A small group of scientists is working on what would have seemed like a fringe experiment ten years ago in a shared laboratory space in Oakland, California. It’s the kind of place with mismatched chairs, whiteboards covered in molecular diagrams, and the faint hum of centrifuges running in the adjacent room. They are working to create an open-source, streamlined process for producing insulin. Not a fresh insulin. Not one with a patent.
One that could be replicated from published instructions by a neighborhood pharmacy or a medical cooperative in a developing nation without having to pay license fees to any of the three businesses that presently control the majority of the world’s supply. Part of their funding comes from online donations of $10 or $25. Many of these donors are diabetics or family members of diabetics who have seen the rising cost of insulin for decades and have chosen to try something different.

Decentralized Science, or DeSci, is a loosely connected movement that operates on a fundamentally different set of assumptions than the traditional pharmaceutical industry. The Open Insulin Project is one node in a larger network of crowdfunding campaigns raising millions for open-source drugs. Patents are the foundation of conventional medication development.
A business develops a compound for years and billions of dollars, obtains a patent monopoly to recover those expenses, and sets prices that the market will accept. This is completely reversed by the open-source model: no patents are registered, all chemical structures, screening data, and trial results are instantly made public, and anybody who wishes to produce the final medication can do so, which lowers costs through competition. The theory is simple. The difficulties start during execution.
An early example of what this methodology may accomplish under duress was provided by the COVID Moonshot campaign, which was started during the pandemic when the lack of reasonably priced antivirals was a clear and pressing issue. Without submitting a single patent application, a global group of researchers crowdsourced structural data, conducted virtual molecular modeling in dozens of nations concurrently, and created a potential antiviral medication, making all of their discoveries accessible to any producer, anywhere.
Early on, it progressed more quickly than standard pharmaceutical timescales, in part because there was no governmental burden associated with intellectual property protection. Since then, VitaDAO and Gitcoin have applied a similar reasoning to longevity research, directing millions into open cellular biology protocols that larger institutions deem too speculative to touch through crypto-based quadratic funding, a mechanism that amplifies small donations through large matching pools. The extent of community involvement in these efforts is quite remarkable. The restrictions are just as real.

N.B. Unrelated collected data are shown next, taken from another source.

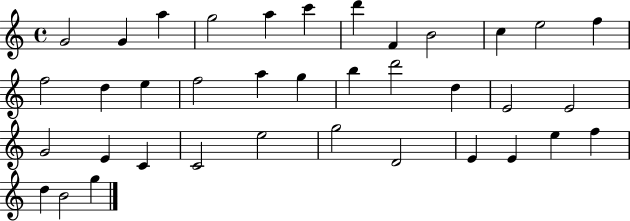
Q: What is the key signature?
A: C major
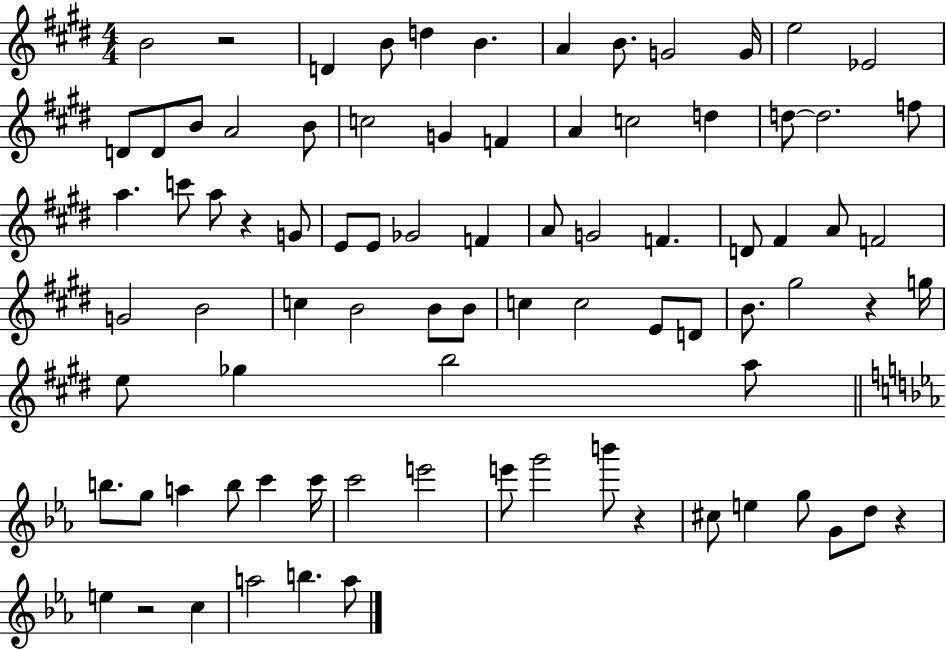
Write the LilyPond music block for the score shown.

{
  \clef treble
  \numericTimeSignature
  \time 4/4
  \key e \major
  \repeat volta 2 { b'2 r2 | d'4 b'8 d''4 b'4. | a'4 b'8. g'2 g'16 | e''2 ees'2 | \break d'8 d'8 b'8 a'2 b'8 | c''2 g'4 f'4 | a'4 c''2 d''4 | d''8~~ d''2. f''8 | \break a''4. c'''8 a''8 r4 g'8 | e'8 e'8 ges'2 f'4 | a'8 g'2 f'4. | d'8 fis'4 a'8 f'2 | \break g'2 b'2 | c''4 b'2 b'8 b'8 | c''4 c''2 e'8 d'8 | b'8. gis''2 r4 g''16 | \break e''8 ges''4 b''2 a''8 | \bar "||" \break \key c \minor b''8. g''8 a''4 b''8 c'''4 c'''16 | c'''2 e'''2 | e'''8 g'''2 b'''8 r4 | cis''8 e''4 g''8 g'8 d''8 r4 | \break e''4 r2 c''4 | a''2 b''4. a''8 | } \bar "|."
}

The early, high-risk discovery phase, where failure rates are high and rewards are speculative enough that most institutional money won’t touch it, is where crowdfunding excels at filling the gap that venture capital ignores. The leap from promising early science to the kind of thorough, large-scale clinical trial that regulatory bodies truly require is where it frequently falters. Tens of millions of dollars are spent on phase III trials. The bureaucratic grind of multi-year FDA review processes is rarely sustained by donation campaigns that spark enthusiasm for a notion.
Crowd Funded Cures has successfully navigated this by concentrating on off-patent medications being examined for novel uses. For example, using currently available generic antimalarials to test potential efficacy against colorectal cancer minimizes some of the development expense and regulatory complexity. However, even that strategy encounters obstacles that excitement cannot overcome on its own.
Observing these campaigns gain traction and then halt at the same recurring obstacles gives the impression that the movement has accurately identified a serious flaw in the financing and pricing of medicine, but that the remedy it is constructing still lacks essential infrastructure. The science may be transparent. It is possible to share the data.
The patents may remain unfiled. Whether a paradigm based on crowdsourcing and community goodwill can take a medication from discovery to a drugstore shelf without eventually requiring the kind of institutional support it was intended to replace is still up for debate.